К полуночи унылый герой возвращается в Чудово (символический поворотный пункт его блужданий), куда пока что пришел какой-то петербургский дилижанс. Погрузившись в смутное раздумье, Лиров надолго застывает в темноте у верстового столба: обычная рассеянность «бедовика» трансформируется в мотив снятого сознания, подготавливающего спасительную встречу. Но верстовой столб – это и знак жизненного распутья. «Месяц на убыли», теперь освещающий героя, знаменует окончание прежнего периода в его жизни.

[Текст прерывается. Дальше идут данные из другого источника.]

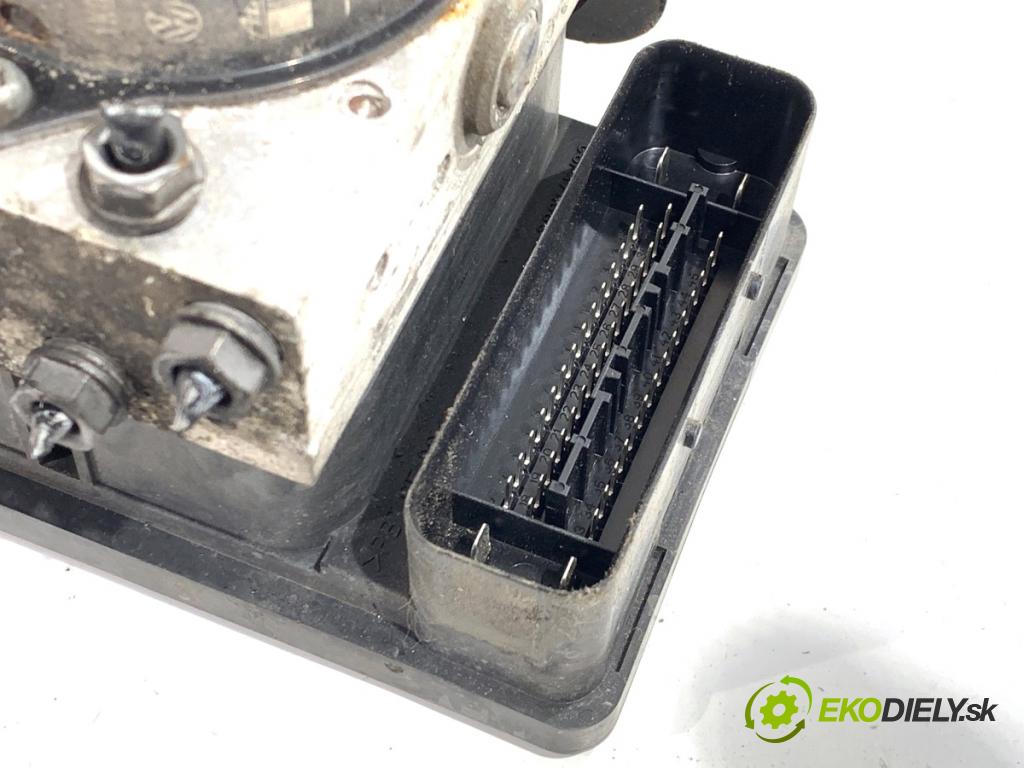 VW GOLF V Kombi 2008 77 kW 1.9 TDI 1896 pumpa ABS 1K0614517AE (Pumpa ABS)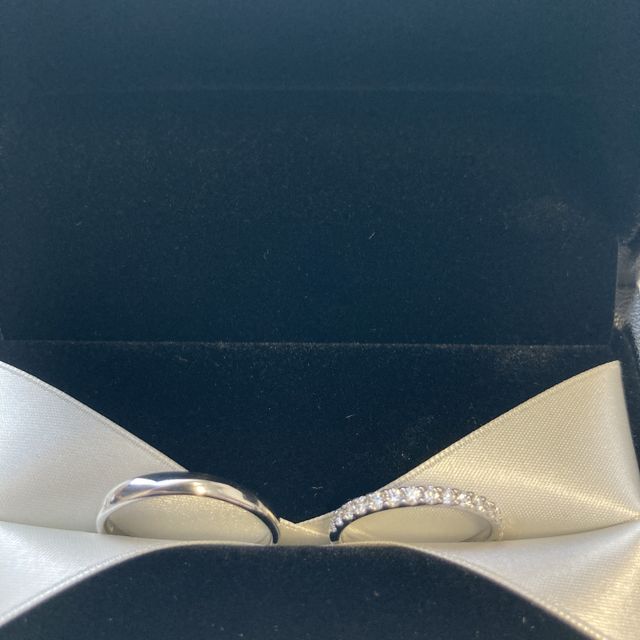 【エクセルコダイヤモンド(EXELCO DIAMOND)の口コミ】 つけ心地。
ハーフエタニティに憧れていましたが、指がAラインの為、根本…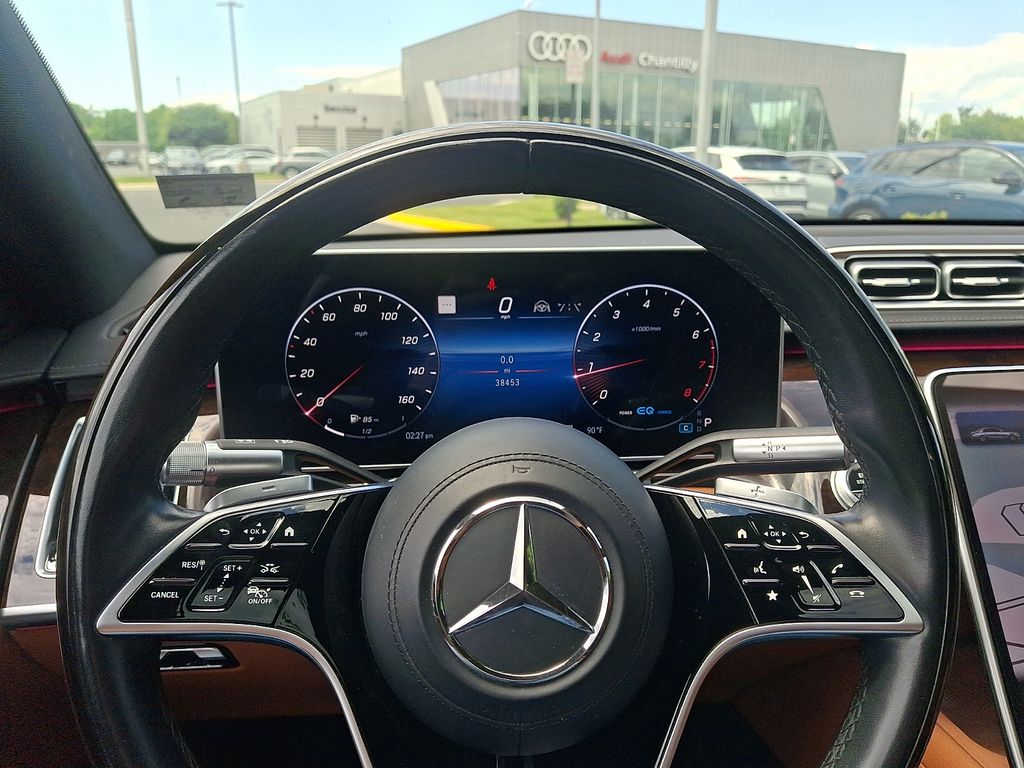Thumbnail: 2022 Mercedes-Benz S-Class - 20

Какой-то «мужчина средних лет со звездой», который сопровождает трех женщин, окинул Лирова, садясь с ними в карету, холодно-ироническим взглядом, заставившим того задуматься над враждебностью «надменного насмешливого звездоносца»: «Что, я ему мешаю? Разве солнце и луна не для всех нас равно светят?» Апелляция к космосу, противопоставленному орденской звезде, получит символическое значение для темы рока в ее последующем развитии. Потом Евсей узнает, что «кавалер ордена звезды» – это высокопоствленный «господин Оборотнев» (т. е. обычный гибрид демонического и рокового персонажа) – опекун и жених Мелаши (которая станет тем не менее женой Евсея), а значит, в наших терминах, временный владелец или узурпатор эротического объекта.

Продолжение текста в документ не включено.